In claim 2, Bromand teaches
The computer program product of claim 1, wherein the name pronunciation request includes the name text in computer rendered content to pronounce, and wherein the determined audio file is further associated with the name text in the name pronunciation request ([0040] the utterance 130 includes a request for music by an artist named “bl!nk”, which includes a character (“!”) that is a non-letter character. The user device 102 receives the utterance 130, processes the utterance, and determines the result 132 based on the utterance 130 (e.g., a pronunciation of the utterance). The processing of the utterance 130 can benefit from output from the machine-learning model 107. Then, the media streaming application 104 plays a media content item associated with the artist. Although the English language is used herein, the techniques described herein can be applied to variety of different alphabets and languages. Techniques can be particularly applicable to situations where a name (e.g., of an artist or song) includes one or more characters that are not contained within the alphabet of the language associated with a voice system).  

In claim 3, Bromand teaches
The computer program product of claim 1, wherein the repository provides a plurality of audio files providing pronunciations of name text in different languages and/or pronunciation attributes for users in the repository ([0105] text-based words, such as name entities, and their associated standard pronunciations are obtained. As used herein, “text-based word” refers to a textual representation of words, such as name entities. It should be understood that the term “text” is used for convenience and may refer to, for example, alpha characters, numeric characters, alphanumeric characters, AMERICAN STANDARD CODE FOR INFORMATION INTERCHANGE (ASCII) characters, symbols, or foreign language UNICODE (e.g. UTF-8)).  

In claim 4, Bromand teaches
The computer program product of claim 1, wherein the pronunciation attribute indicates at least one of a dialect of the language and an accent in which the name text is pronounced in the language ([0067] the STT engine 312 provides a probabilistic transcription based on the available information, and the probability improves as the STT engine 312 learns from experience what words co-occur and at what frequencies. The STT engine 312 can also learn stylizations of specific users. That is, the STT engine 312 learns how to correctly map phonemes depending on the person that has uttered them, thereby taking into account users' individual accents, dialects, rhythm, pace, and other speech characteristics).  

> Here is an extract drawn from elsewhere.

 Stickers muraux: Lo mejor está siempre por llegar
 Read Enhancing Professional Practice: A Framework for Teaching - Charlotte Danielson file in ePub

In claim 5, Bromand teaches
The computer program product of claim 1, wherein the operations further comprise: receiving an update request for a specified user in the repository indicating a language and pronunciation attribute detected for name text for the specified user in computer rendered content and an audio file having a pronunciation of the name text for the specified user; and adding, to the repository, information for the specified user indicating the language, the pronunciation attribute, and the audio file in the update request ([0085] When the system receives a confirmation of a pronunciation or a new pronunciation (e.g., from the machine-learning model 107), the database 330 in the name entity storage 306 is then updated to include the collected and/or generated aliases associated with the content item ID. Subsequently, when the alias pronunciation system 106, 108 is in playback mode a transcribed uttered playback request is compared by the retrieval engine 314 to the name entity and any associated aliases of that name entity when identifying in the database 330 a content item ID corresponding to the playback request. For example, a subsequent transcribed uttered request to “play too late” is correctly mapped to the name entity 2L8 and its corresponding content ID in the database 330 using the collected or generated alias “too late” [0086] once a name entity has been classified the media item associated with that name entity is tagged with the one or more classifications. For example, the database 330 is updated with the classification tag or tags, which is then used to update the classification column 808).  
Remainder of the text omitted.